LM: How important would you say support, mentorship, and collaboration in the creative industry is; particularly with regards to young Black individuals who may not have previously been exposed to the modus operandi of and opportunities they can take advantage of in the creative industry?

RN: It’s important for the ecosystem of creativity to have things like mentorship, support and collaboration for it to be progressive. Black people are slowly getting into the space where we are seeing more of ourselves in white cube spaces, but we’re definitely in need of more representation in more commercial media (for lack of a better description).
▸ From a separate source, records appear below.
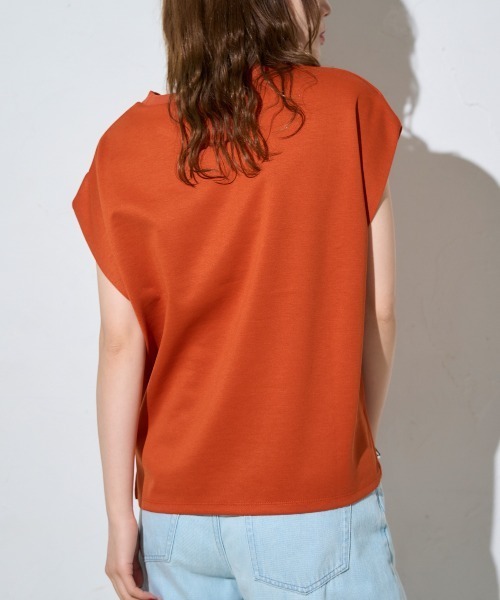 TRIANGLE PALETTE(トライアングルパレット)の「フレンチスリーブ ダンボールプルオーバー(Tシャツ/カットソー・レディース・ホワイト/テラコッタ/ブルー/ブラック/グレー・FREE)」の15枚目の写真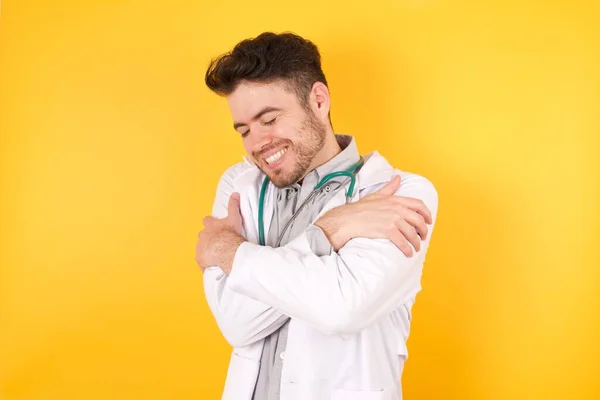 Jovem Homem Médico Caucasiano Vestindo Uniforme Médico Sobre Fundo Amarelo — Fotografia de Stock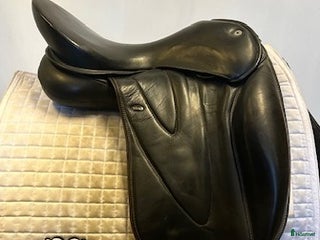 Sadlar hästutrustning till salu: Dressyrsadel WOW 17" i Uppsala - Annons 2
It then becomes critical that while we are building up the Black voice in the art scene we’re also creating ways to have more accessible info about the art space. I feel like many of us are still trying to find our own voices, so we work together and we try to help each other where we can in our community. Firstly, anyone who wants to enter this art space as a Black creative needs to be able to initiate projects or [be proactive about] whatever it is they want to do. They need to start and [in] that way they can start finding ways to get to mentors or talking to other artists. Social media is a very good place to start. And I know that it’s difficult for some people to always be connected, but if we’re being honest… you’ll find a way. We’ve all had to and we find our peers and mentors and help each other along the way.

Photograph by Kgomotso Neto

Collaboration is without a doubt the key to all of us succeeding. Everyone’s network coming together with a purpose and cause is truly what we need to push and keep the culture in SA alive. And collaboration should expand beyond creativity and creatives. When working for brands, for example, it’s important to consider the various players in the process of making commercial work. We basically need to have people everywhere; both on the inside as well as on the outside. This keeps the work flowing. This is one way to support young Black creatives. Everything else is truly up to us and the people who came before us. Having a mentality of abundance is important in helping us all grow. 

LM: What have some of your best/ favourite collaborations been thus far? Please briefly tell me about them, what inspired each of them, and who you worked with?

RN: Wanda Lephoto x Bone soda: I’m a sucker for tees.

All Hail The Honey: obviously, lol, with myself x Kgomotso Neto.

All Hail The Honey x Andile Buka:That was so pretty, if I must say so myself.

Anything that Baloji has done with anyone really always makes me happy.

Lunga Ntila x Artclub and Friends was mad dope. Yeah those are the ones that come to mind now. 

All Hail The Honey has been the biggest collaborative project I’ve worked on, it’s also been the best one for me. Working with all the people I’ve worked with has been an amazing experience. In this photo novela we worked at changing perspective and telling a more positive version of the Black story. Making work with Andile Buka and Nonku Phiri on one of her videos (it was never released) was so dope. AHTH x Smirnoff was also pretty dope. I hope I can work with Daily Paper and Free The Youth one day.